Flood engineer Carrie Dearnley has developed a system to help city planners better understand how to keep communities safer as they face increasingly dangerous floods.
The flooding that engulfed parts of northern New South Wales and South-East Queensland this year has focused the country’s attention on helping communities become resilient against extreme weather.
Carrie Dearnley, Associate Principal Flood Engineer at BMT, is addressing this challenge by bringing expertise in floodplain management to urban planning.
Her work is called risk-based planning, and it allows the land-use planners she works with to better respond to flood risk by understanding more precisely which parts of a flood-susceptible area are safe to build on, and which are more dangerous than might be supposed.
“There wasn’t a lot of nuance in the way that flood model outputs were used in land-use planning,” Dearnley tells create. “There was a lot of information that was being missed.”
Earlier approaches to flood modelling would consider a certain likelihood of flooding – a one in 100 probability flooding event, for instance – and apply that to determine where it was and was not appropriate to build housing and other high-risk structures, such as schools or aged-care facilities.
Dearnley’s work, however, uses a risk-assessment matrix to consider a broader range of flood probabilities and hazards so higher and lower-risk zones can be identified.
“I developed the assessment process on a project for Toowoomba Regional Council – they were hit very badly in the 2010-2011 floods,” she recalls.
“They wanted to do a planning scheme update to better capture their new understanding about flood risk.

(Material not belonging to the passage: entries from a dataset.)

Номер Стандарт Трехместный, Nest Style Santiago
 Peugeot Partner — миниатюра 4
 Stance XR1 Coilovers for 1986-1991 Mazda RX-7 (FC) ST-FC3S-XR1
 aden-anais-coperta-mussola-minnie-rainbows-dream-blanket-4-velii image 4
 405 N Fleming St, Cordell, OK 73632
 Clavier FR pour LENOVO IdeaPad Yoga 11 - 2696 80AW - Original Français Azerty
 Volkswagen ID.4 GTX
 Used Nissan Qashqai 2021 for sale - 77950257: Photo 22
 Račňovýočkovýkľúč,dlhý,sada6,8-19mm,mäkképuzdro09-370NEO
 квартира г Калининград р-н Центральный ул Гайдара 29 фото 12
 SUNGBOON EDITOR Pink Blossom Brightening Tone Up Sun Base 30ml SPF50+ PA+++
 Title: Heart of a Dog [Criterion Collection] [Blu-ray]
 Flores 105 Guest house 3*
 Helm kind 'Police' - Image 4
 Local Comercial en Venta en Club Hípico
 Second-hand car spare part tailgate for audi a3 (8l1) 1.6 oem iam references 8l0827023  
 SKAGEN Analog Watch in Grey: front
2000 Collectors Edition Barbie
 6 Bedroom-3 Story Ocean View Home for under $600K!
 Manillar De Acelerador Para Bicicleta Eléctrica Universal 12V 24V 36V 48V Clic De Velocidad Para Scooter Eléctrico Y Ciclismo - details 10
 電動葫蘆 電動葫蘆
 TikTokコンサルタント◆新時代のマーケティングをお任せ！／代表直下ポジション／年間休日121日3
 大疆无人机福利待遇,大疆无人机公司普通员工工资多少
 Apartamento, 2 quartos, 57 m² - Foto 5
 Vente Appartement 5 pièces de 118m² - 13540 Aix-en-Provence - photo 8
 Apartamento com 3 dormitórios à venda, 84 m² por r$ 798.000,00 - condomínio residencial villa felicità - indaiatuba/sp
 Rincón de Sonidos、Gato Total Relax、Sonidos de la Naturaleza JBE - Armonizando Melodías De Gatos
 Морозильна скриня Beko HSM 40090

So … I went back to the advice given in the Queensland Floods Commission of Inquiry, and also the state planning policy.”
The inquiry’s advice recommended maps with bands of risk showing a flood’s likelihood and probable behaviour.
“But when you look at the mapping that’s typically provided with a flood study, it would be a huge book of maps that will say, ‘for a one per cent flood, here’s the velocity; for a one per cent flood, here’s the depth; for a one per cent flood, here’s the hazard. And now for a two per cent flood, here’s all those things again,” Dearnley explains. “It wasn’t a synthesis of the risk.”
That made it impossible, for instance, to compare an area of medium hazard in a rare-flood zone with a low hazard in a frequent-flood zone.
Dearnley calls her process of bringing together the variety of maps a “classic risk-assessment process”. She designated the outcome of a flood likelihood multiplied by the flood hazard as “hydraulic risk”, which enabled her to understand a flood’s behaviour as well as how affect people and property in its path.
“In the world of flooding, there are hazard definitions, which are based on the depth and velocity of the water and are linked to a consequence through lab experiments,” she explains.
“These definitions relate flood hazards to impacts such as risk, when cars start floating, and if buildings get damaged.”
All that information then goes into a risk matrix, which can be expressed in terms of colour bands on a map.
“This is really about looking forward and improving it in terms of green field areas – so developing in new areas – but also in brown field: if you’re redeveloping a site, [you’re] making sure that the new development is fit-for-purpose and risk-appropriate,” Dearnley says.
“What it really does is it equips planners with a lot more information. The information was always there, but … planners weren’t able to pick up a flood study and know how to use all the information.
“In some ways, it’s a communication tool, synthesising information in a way that planners need.” The approach can also be adjusted to take into account the greater flood risks that can result as the effects of climate change increase.
“In this kind of process, what we have done in the past is repeat this mapping using modelling which has a climate change allowance on it – which can be increased rainfall intensity and sea levels,” Dearnley says.
“And then you can show the difference in the mapping, so you can say, ‘Previously there were 100 houses in this highest hydraulic risk band. In the future, we expect there’ll be 150 in that risk band.’
“So you could say ‘These are houses which are newly at risk, and these other houses are likely to have increased risk in the future.’”